I noticed there haven't been any posts on bachelor beat since January.
I hope all is well. I flaked on my humor column assignments. Sorry. It was easy to talk about and harder to execute. What are you and the family up to?
peace,
Web

hey web.

Your comment that an "armed society is a polite society" is "morally
disappointing" is interesting. Actually, I find the constant desire by
governments and certain peoples to legislate morality and restrict rights to create a "safer society" to be morally disappointing.
We can't formulate laws as a society from the bottom up. The resumption
by governments should be (and is, as evidenced by our Constitution) that Man is a decent, honorable creature who needs the freedoms he was born with to survive and prosper. What I mean is that when we pass laws restricting the possession or use of products or items or thingys that, in and of themselves, create no harm to society (i.e. guns, drugs, booze), simply because a small minority of the population will use those thingies for nefarious purposes, we are legislating from the "bottom up," assuming all people are bad. The phrase "an armed society is a polite society" really means that if people are permitted to protect themselves, there is less of a chance they will fall victim to crime. Rephrasing it, one could also say "a well-defended society is a well-protected society." I see nothing morally disappointing in that.

Also ... keep in mind that, Constitutionally, there's not much of a
debate on what the Founding Fathers intended.

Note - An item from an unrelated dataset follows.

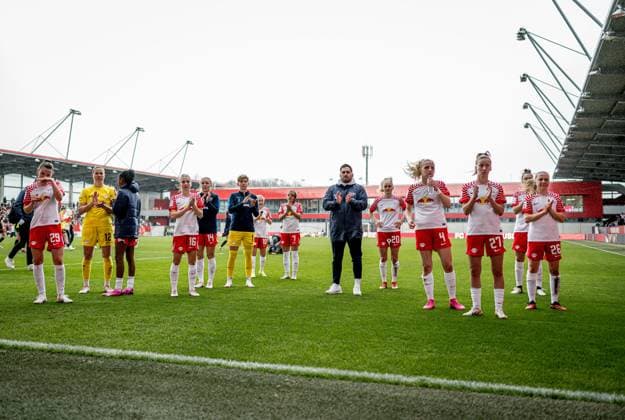 Leipzigs players and head coach Coach Saban Uzun thank the fans Football 1 Womens Bundesliga, Matchday 16 FC Bayern Muenchen RB Leipzig 5 0 16 March FC Bayern Campus, Muenchen FC Bayern Muenchen RB Leipzig 5 0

I could provide quote after quote from them about what they meant in the Second Amendment, but the simple fact that the phrase "the right of the people" is in there means it applies to everyone, not some militia (since "the people" is used in other Amendments and it DOES mean "the people.")

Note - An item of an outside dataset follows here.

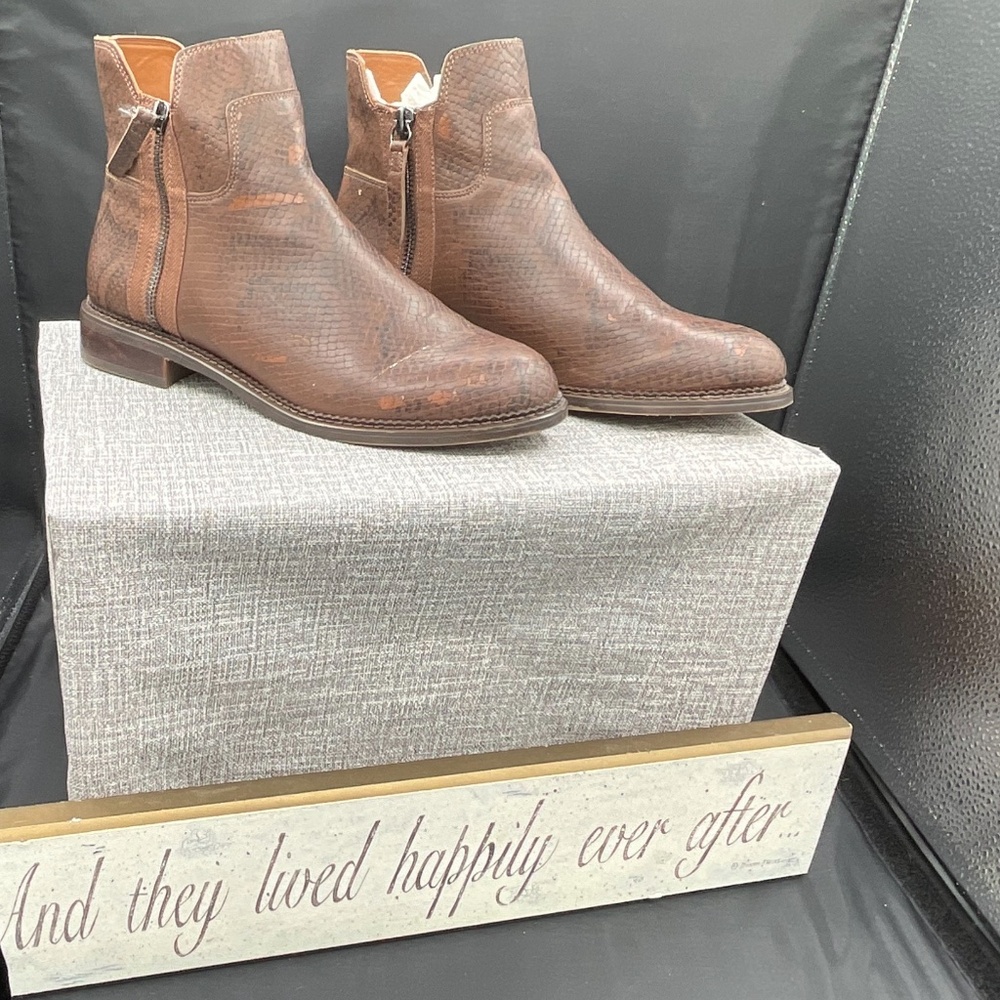 Franco Sarto Halford Ankle Booties Brown NIB Boots Zip 8.5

Having said all that, this fellow at VT was crAAAAzy. And there are
federal laws to keep crazy people from owning guns. State laws too. Problem was that VA's state law wasn't as strict as the federal law. THAT, my friend, needs to change. Crazy people should be playing with their navel lint in a rubber room and not buying pistols.
We're ok ... We never update that goddamn website ... doing a major
revamp of the paper ... hired three writers and maybe we won't be a piece of shit.Kid and wife doing good
You?


further utopian rantings
The idealist in me still wishes for a society where protecting myself does not mean carrying weapons. I don't think dozens of handguns will make people more prone to violence or edgy, but it's just an extension of the international arms race. How soon will it be when we feel a handgun won't be enough to protect ourselves against a high powered rifle? This is where the contradiction peeks out at me. We can enable folks to carry weapons, based on their innate goodness, but the big picture as demonstrated by most governments in the last 60 years is that man is not to be trusted to proceed rationally. The arms race will escalate. Outlaws will carry larger caliber guns and force citizens to carry even larger guns. Instead of a peaceful culture where everyone protects themselves there will be a culture obsessed with weaponry. More likely would be an expanded police force of private citizens who then overstep their responsibilities and wreck havoc on everyone else.
I see it as a double-edged sword. Man should not be bound by liberty
depriving guidelines. Yet, man without liberty depriving guidelines would run amok. Indeed, we have already run amok! Now, an argument could be that we have not made responsibility a priority. That we have acquiesced to these guidelines our short-sighted leaders have announced and become a less worthy culture. Or it could be argued that humans are flawed, un evolved and bent on self-destruction. So, it is a dam that these limitations are holding back. Either they hold back a dramatic change in priorities that will lead to a more mature culture, or they hold back man's ultimate destiny of constant warfare.
It could be argued that we are like a stone-age tribe that in the short span of one or two generations has been introduced through industry and mass-production to tools and techniques far beyond our abilities to fully understand. Even the inventors don't know what they have unleashed. Now, a sociologist would condemn a corporation for going to the rain forest and building a McDonalds for the Kombai tribe and encouraging them all to work there. In a few months their culture would be destroyed and they would all die or adapt. But what is the difference between that and what has occurred since the dust bowl? Farmers and subsistence families were turned into plow mules for multi-national corporations! All in the course of fifty years. Is my comparison off? A former culture was destroyed and those who adapted simply became consumers or irreplaceable resources and taught their kids to consume as much as possible. It wasn't evolution, it was exploitation. Basically, I maintain that man is still a bow and arrow animal. our mentality has not evolved beyond simple weapons. But these weapons exist and are used. we are not collectively ready for them. Give one Kombai tribesman a gun and you have created a king. Give them all a gun and you have created a war. Personally, I would like the opportunity to make these mistakes, but sociologically I don't think man has earned that freedom just because someone managed to invent a gun. You associate creation/invention with unalienable rights. I see it as an event as haphazard as leaving an orange peel out overnight and accidentally creating penicillin. Man should not be forced into a position of defense. We need to care for our ecosystems, something that will become a necessity soon. more later.
web

You need to learn the value of short paragraphs, web.
Your argument is (for lack of a better term) left-leaning. But it is the
exact same argument that right-leaning people use when advocating for drug
and sex laws.
Both arguments come down to: People are 1) bad 2) stupid 3) violent 4)
immoral 5) unevolved and need some government control over their lives.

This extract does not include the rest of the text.